Der Zweitliga-Kader von TeBe war nun gespickt mit Bundesliga-Helden wie Sergej Kiriakov (KSC), Uwe Rösler (Dynamo Dresden, Kaiserslautern oder Manchester City), Bruno Akrapovic (Mainz 05) oder Francisco Copado (HSV). Doch die hochbezahlten Stars unter Star-Trainer Winnie Schäfer floppten allesamt und befanden sich mit ihren sechsstelligen Monatsbezügen im Abstiegskampf wieder. Und dann kam es auch noch zum großen Knall bei der Göttinger Gruppe. Der Vorwurf: Anlagebetrug in mehreren Fällen. Der DFB forderte daraufhin eine Bürgschaft in Millionenhöhe, um den Lila-Weißen die Lizenz für eine weitere Profisaison erteilen zu können. Es fand sich auch eine Bank, die bürgen wollte. Leider war es eine, die der Göttinger Gruppe selbst gehörte und dieses Spiel machte der DFB nicht mit. Das Projekt “Big City Club 1.0” war somit gescheitert und die Starkicker verabschiedeten sich aus dem maroden Mommsenstadion unterhalb des Messeturms und unweit des Berliner Olympiastadions. TeBe versank wieder in der Regionalliga Nordost und später sogar in die Berlin-Liga. 

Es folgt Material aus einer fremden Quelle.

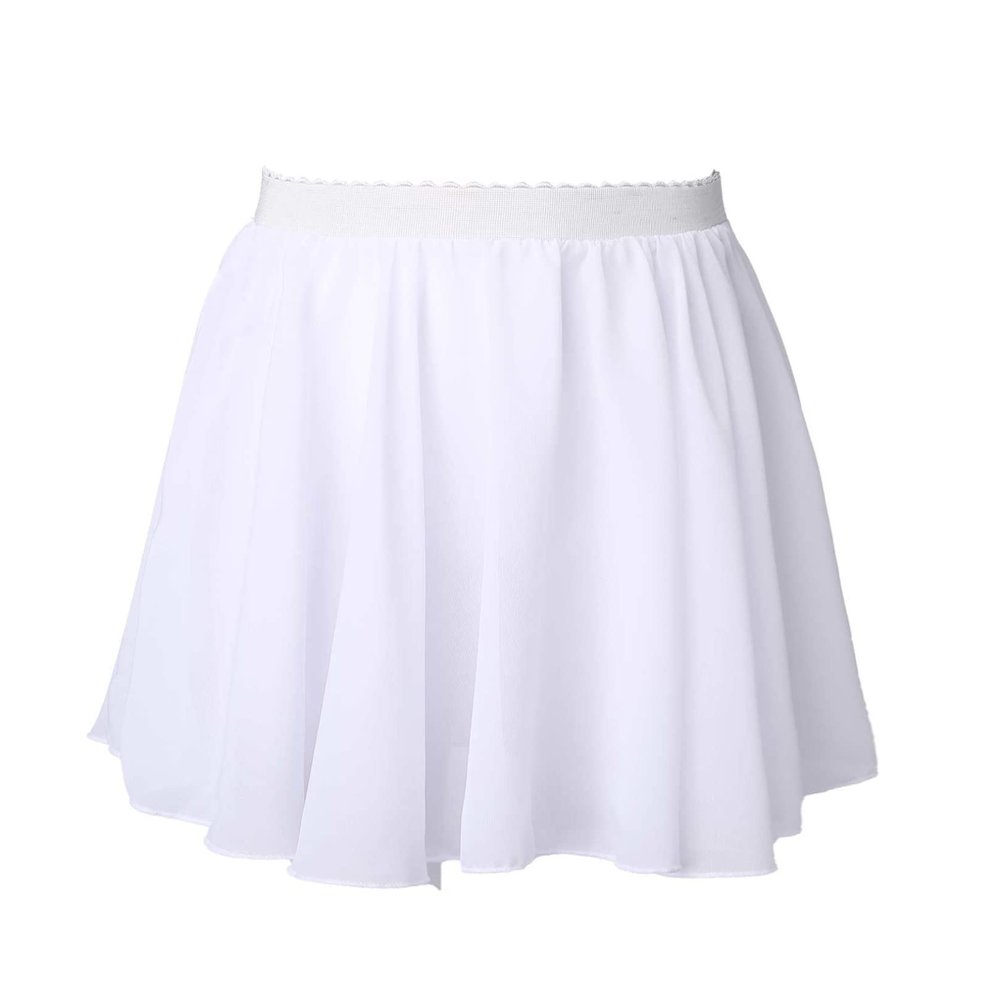 easyforever Kids Girls Basic Chiffon Pleated Pull-on Wrap Skirt Skort Ballet Dancewear Daily Casual Outfits White P 1-6 Years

Heute träumt der Traditionsclub wieder von der großen Fußball-Bühne. Meister der Oberliga Nordost-Nord und nun der Aufstieg in die Regionalliga Nordost. Für TeBe ist es nach 10 Jahren Ober- und Berlin-Liga das Nonplusultra. Im Gegensatz zur Hertha will man bei TeBe keinen Einstieg eines Investors mehr, keine Leiden und keine Abhängigkeit. Die zahlreichen Fußballfans in der deutschen Hauptstadt werden hoffen, dass Hertha BSC Berlin die Geschichte der Tennis Borussia kennt und daraus Lehren gezogen hat.